* Problem statement *
Among the entries that follow, the required portion opens with the line containing "Laughing behind a hand, candelabra behind" and closes with the line containing "a living room". Give that portion again exactly, and nothing else.

* Records provided *

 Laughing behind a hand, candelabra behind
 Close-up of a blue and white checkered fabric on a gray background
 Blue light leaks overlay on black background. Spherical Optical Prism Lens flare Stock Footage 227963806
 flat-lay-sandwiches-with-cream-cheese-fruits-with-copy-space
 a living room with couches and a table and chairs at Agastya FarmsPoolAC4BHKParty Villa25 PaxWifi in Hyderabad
--
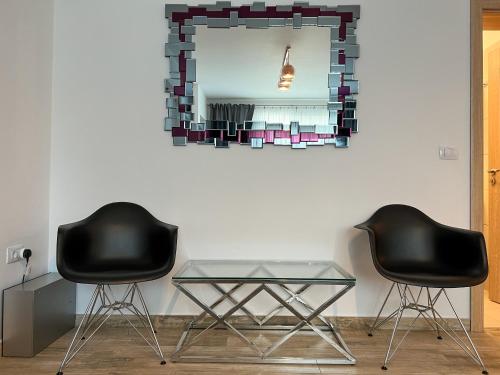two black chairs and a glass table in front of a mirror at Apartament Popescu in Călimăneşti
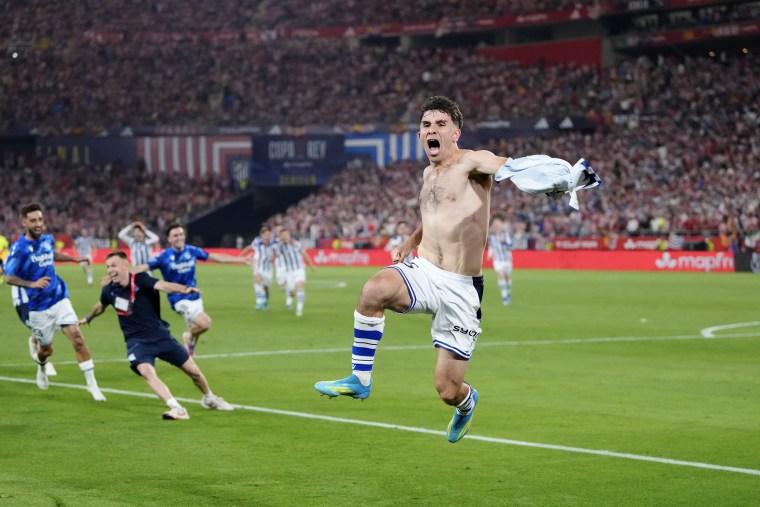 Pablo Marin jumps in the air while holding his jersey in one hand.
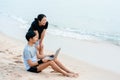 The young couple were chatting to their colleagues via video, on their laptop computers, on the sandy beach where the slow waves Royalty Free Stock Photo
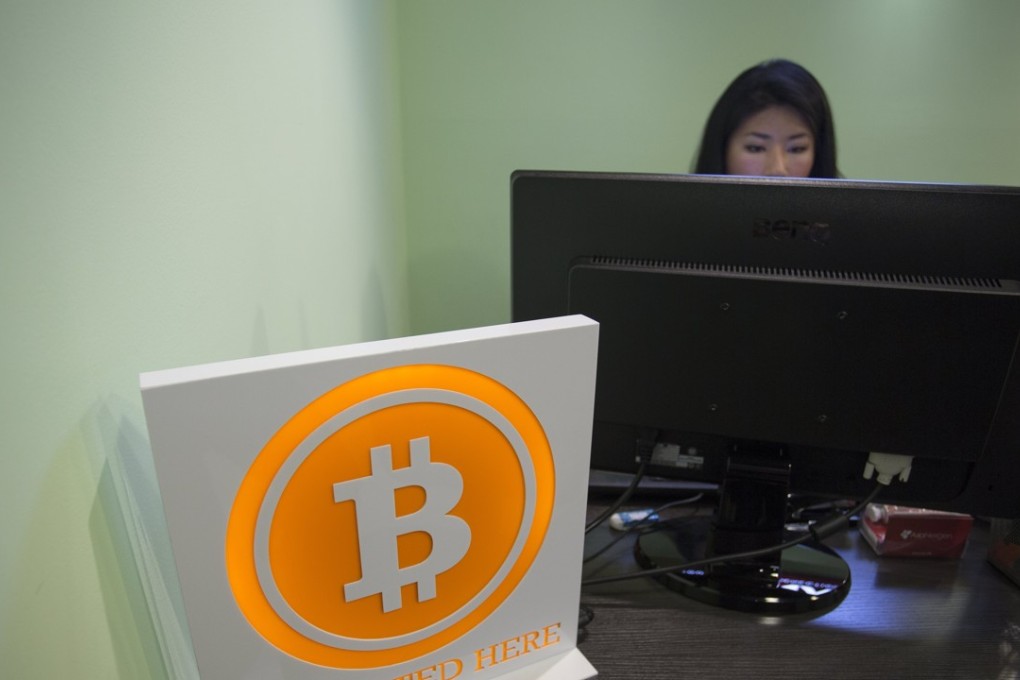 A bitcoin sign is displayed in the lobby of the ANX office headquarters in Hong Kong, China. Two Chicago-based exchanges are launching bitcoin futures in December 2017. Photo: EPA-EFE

* Your solution *
 Laughing behind a hand, candelabra behind
 Close-up of a blue and white checkered fabric on a gray background
 Blue light leaks overlay on black background. Spherical Optical Prism Lens flare Stock Footage 227963806
 flat-lay-sandwiches-with-cream-cheese-fruits-with-copy-space
 a living room with couches and a table and chairs at Agastya FarmsPoolAC4BHKParty Villa25 PaxWifi in Hyderabad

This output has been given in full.